It’s a bit chilly this morning
Feeling much better now!
What an awesome way to have fun! When the nor’easter blows like this it’s no good for surfing, but out come the kite surfers. Even without the jumping, this must be an amazing feeling — ripping along with a canopy full of wind. Years ago I used to enjoy windsurfing. I loved pulling the sail in tight, leaning back on my harness and feeling the board rise up and plane across the water. Kite surfing must be that feeling x 10. I had so much fun photographing these kite surfers, a couple of them were flying along close to the shore — I guess to make maximum use of the fairly small waves — which gave me a perfect chance to tap into my ‘inner sports-photographer’. (Now that’s what I’d like to be when I grow up)
Blue bottles, also known as stingers, are common in the warmer months. These little blow-ins come in with onshore winds and are the scourge of swimmers. The long tail is the nasty end and they can be several feet long — perfect for getting wrapped about your arms or legs. The sting burns at first, but the pain usually only lasts about an hour. An occupation hazard if you want to enjoy the water all year round.
Sometimes I do wander it bit further from home. Every year at Bondi Beach they run a free exhibition called Sculpture by the Sea where artworks are placed on the sand and the rocks along a coastal path across several beaches. It makes a great summer’s evening walk and it’s always worth the trip over to Bondi.
My absolute favourite subject matter for photography is clouds — so here’s a warning in advance: you’ll see lots of clouds on this blog. This particular beauty rolled in with a ‘southerly buster’. The southerly usually signals a cool change and is common in Sydney in the summer, particularly after days of stable, sunny weather. A cool front gets pushed up from the south, bringing unstable, gusty weather. Big grey clouds roll in and the temperature drops rapidly. They usually come in the late afternoon and you can almost set your watch by it. All of a sudden our back windows start rattling — ah, that’ll be the southerly buster. Some Sydney weather nerds (myself included) often tweet when the southerly hits – you could map it’s progress from south to north across the city.

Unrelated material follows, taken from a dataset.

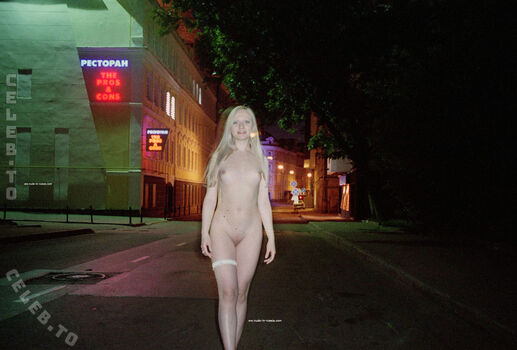 Nackt In Russland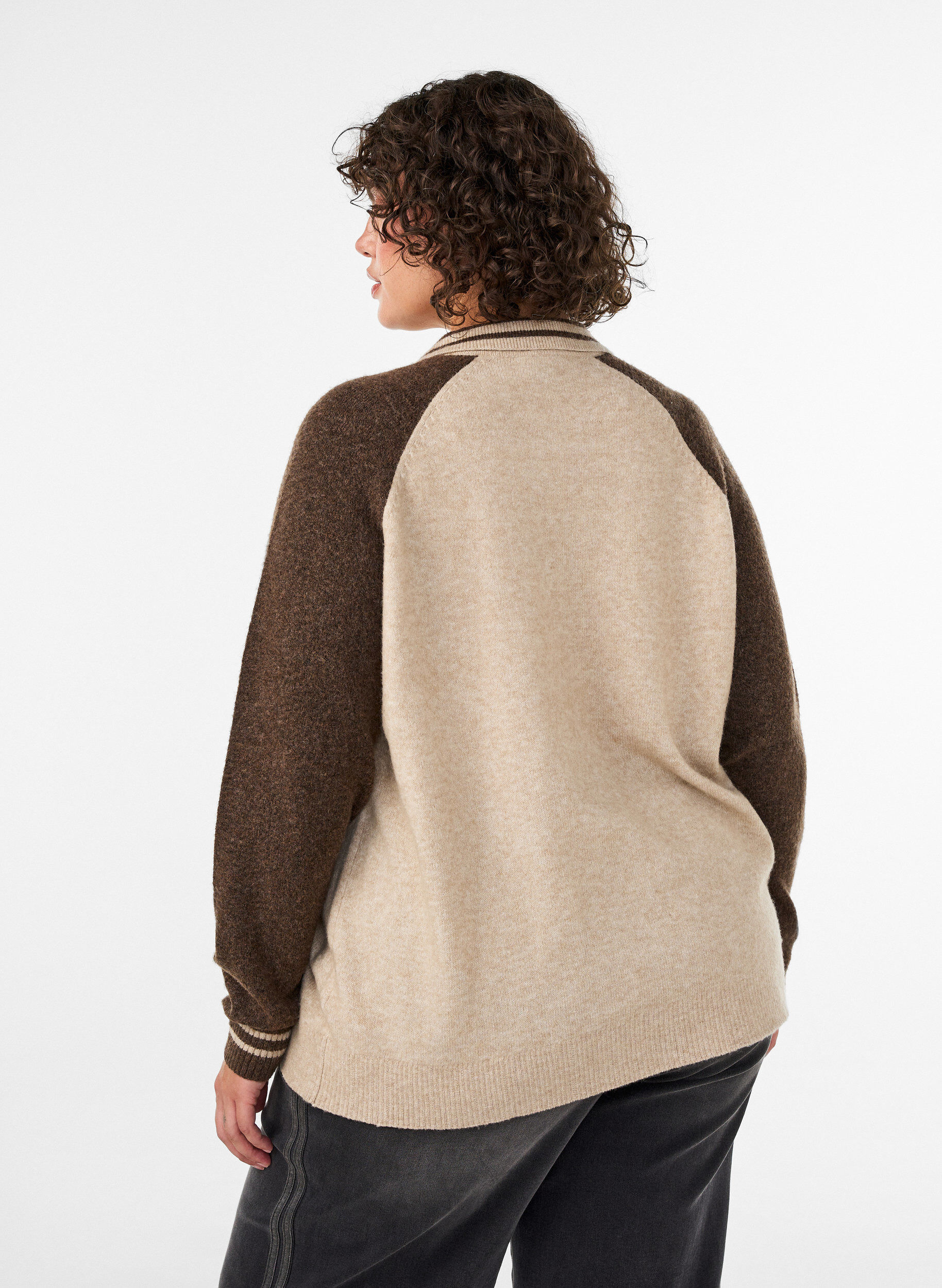 ZizziStrickjacke mit Kontrast&auml;rmeln und Kragen, Beige, Model image number 2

My first post is a photo I took early one morning a few years ago: A kookaburra sitting on the balcony. I love the way the bird is silhouetted in the early morning light. The sky looks a bit moody but it feels like it’s going to be a nice, sunny day. That’s a complete fluke – I wasn’t sitting there waiting for it to come along, working out the exposure. I just saw the bird and grabbed my camera. You don’t usually see kookaburras at the beach, they prefer gum trees. But maybe they like the ocean too.